Hypercalcemia is a common condition in the internal medicine practice. Sometimes its cause is not readily apparent, so extensive investigation is appropriate. Here we report an unexpected cause for hypercalcemia in an elderly woman. The case of an 82-years old woman with PTH-independent hypercalcemia, lymphocytosis, normal serum 1,25 (OH)vitamin D levels, and low serum PTHrp levels, is described. Medical history and complementary investigation were unremarkable, except for increased metabolic activity in the glutei regions, as measured by whole body 18F-FDG PET-CT. Reviewing her medical history, her sister recalled that she had been submitted to intramuscular methylmethacrylate injections, for cosmetic purposes, five years before presentation, which was confirmed by muscle biopsy. Low calcium intake, parenteral bisphosphonates, calcitonin, and glucocorticoids were used to control serum calcium levels. Methylmethacrylate injections, used cosmetically, are a new cause for hypercalcemia, even after many years. Hypercalcemia was probably due to calcitriol overproduction in foreign body granulomas. Persistent reactive lymphocytosis could be a clue for this inflammatory cause of hypercalcemia. Arch Endocrinol Metab. 2015;59(3):277-80


INTRODUCTION

Hypercalcemia is a relatively common problem in clinical practice. Sometimes the cause is not readily apparent, so extensive investigation is appropriate. Here we report an unexpected cause for hypercalcemia in an elderly woman.

CASE REPORT

An 82-years old woman presented with recurrent episodes of confusion, delirium, and somnolence or stupor, for the past 6 months. Her previous medical history was unremarkable, except for previous 20 pack years smoking and systemic arterial hypertension. She has been using daily hydrochlorothiazide 25 mg, amiloride 2.5 mg, vitamin D3 2000 IU, and calcium carbonate 2 g. There were no previous surgeries or hospital admissions. The physical exam was unremarkable, except for low BMI (17 Kg/m2). Initial evaluation, as shown in table 1, disclosed severe PTH-independent hypercalcemia, lymphocytosis, and no vitamin D intoxication. All her medications were stopped, and, as serum phosphate level was in the low reference range and tubular reabsorption of phosphate was low, a probable malignant cause was searched for. Computed tomography (CT) of neck, thorax, and abdomen, revealed a small swelling of the pyriform sinus, and simple renal and ovarian cysts, up to 1.2 cm; fiberoptic indirect and direct laryngoscopy identified no lesion, and biopsies of the pyriform sinus region had no tumor; bone scintigraphy, bone marrow aspiration, peripheral blood cells immunophenotyping, serum and urine protein electrophoresis, and upper gastrointestinal endoscopic study were normal. Transvaginal pelvic ultrasound confirmed the presence of a simple ovarian cyst. A whole body 18F-FDG PET-CT showed extensive and symmetric increased metabolic activity in the glutei regions, as shown in figure 1A. At inspection, bilateral glutei regions were normal, but irregular 2-3 cm hard nodules were identified by palpation. The abdominal CT was reviewed with identification of extensive areas of increased density and loss of definition of both gluteus maximus, as shown in figure 1B.

Table 1
Laboratory data at admission

Figure 1
Abnormality of glutei regions, five years after the intramuscular injections of methylmethacrylate. (A) Increased metabolic activity, as shown by 18-FDG PET-CT Study. (B) Extensive areas of increased density and loss of definition of the gluteus maximus, as shown by computed tomography.
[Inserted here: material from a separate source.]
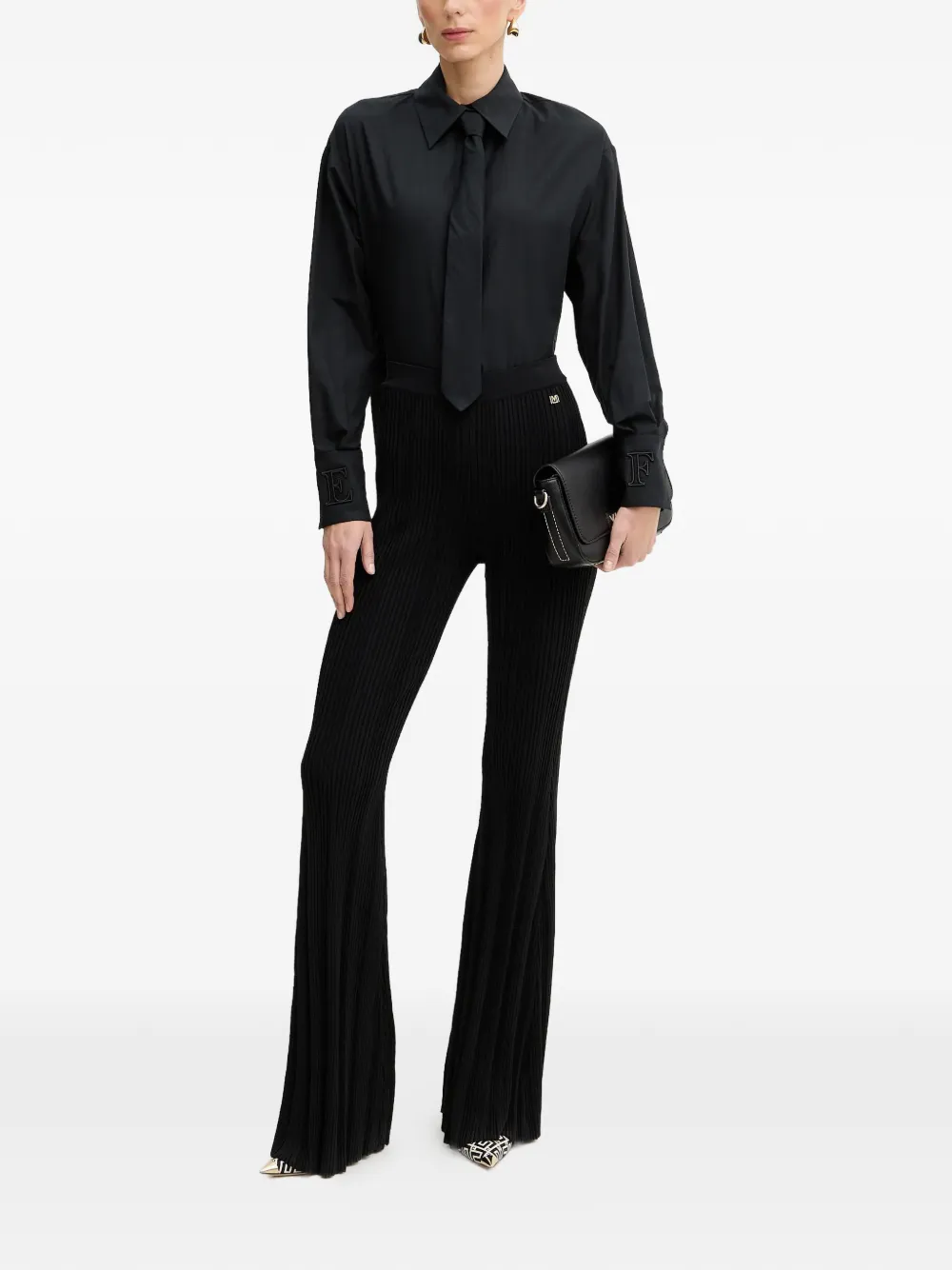 Elisabetta Franchi Blouse met geborduurde manchetten en strikdetail Zwart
Reviewing the medical history, her sister recalled that she has been submitted to intramuscular methylmethacrylate injections in the glutei regions for cosmetic reasons, five years before presentation. A gluteus muscle biopsy showed chronic inflammation with fibrosis, histiocytes, lymphocytes, and giant cells around foreign body, compatible with methylmethacrylate (Figure 2). A surgical consultation was made, but resection of the lesions was not indicated due to its extension. At this point serum PTHrp and calcitriol levels were available: PTHrp: below 0.8 pmol/L (reference range < 1.3 pmol/L; chemiluminescence); calcitriol: 34 pg/mL (reference range 18 – 78 pg/mL; radioimmunoassay). Dietary calcium was reduced to 350 mg/day, and 40 mg of oral prednisone was prescribed for 10 days and increased to 80 mg/day thereafter. Two weeks later, serum calcium levels were within the reference range, as well as blood lymphocytes, so prednisone was tapered to 20 mg/day. During the investigation and follow-up, saline infusion, calcitonin, and intravenous bisphosphonates were also used. These data are depicted in figure 3. Twelve months later, the patient had normal serum calcium levels. Written informed consent was obtained to report this case.

Figure 2
Fibrosis and foreign body granulomatous reaction in gluteus muscle, five years after the intramuscular injections of methylmethacrylate. Hematoxylin and eosin stain, 10x.

Figure 3
Serum calcium corrected for albumin, peripheral blood lymphocytes, and treatment used for hypercalcemia, five years after the intramuscular injections of methylmethacrylate for cosmetic reasons.

DISCUSSION

In this report, a patient with PTH-independent hypercalcemia, and non-monoclonal persistent lymphocytosis is described. The investigation was negative for cancer and identified a PTH-independent, calcitriol-mediated hypercalcemia secondary to foreign body granulomas induced by intramuscular methylmethacrylate, with a good response to oral prednisone. The milk-alkali syndrome was excluded due to the normal serum bicarbonate levels at presentation.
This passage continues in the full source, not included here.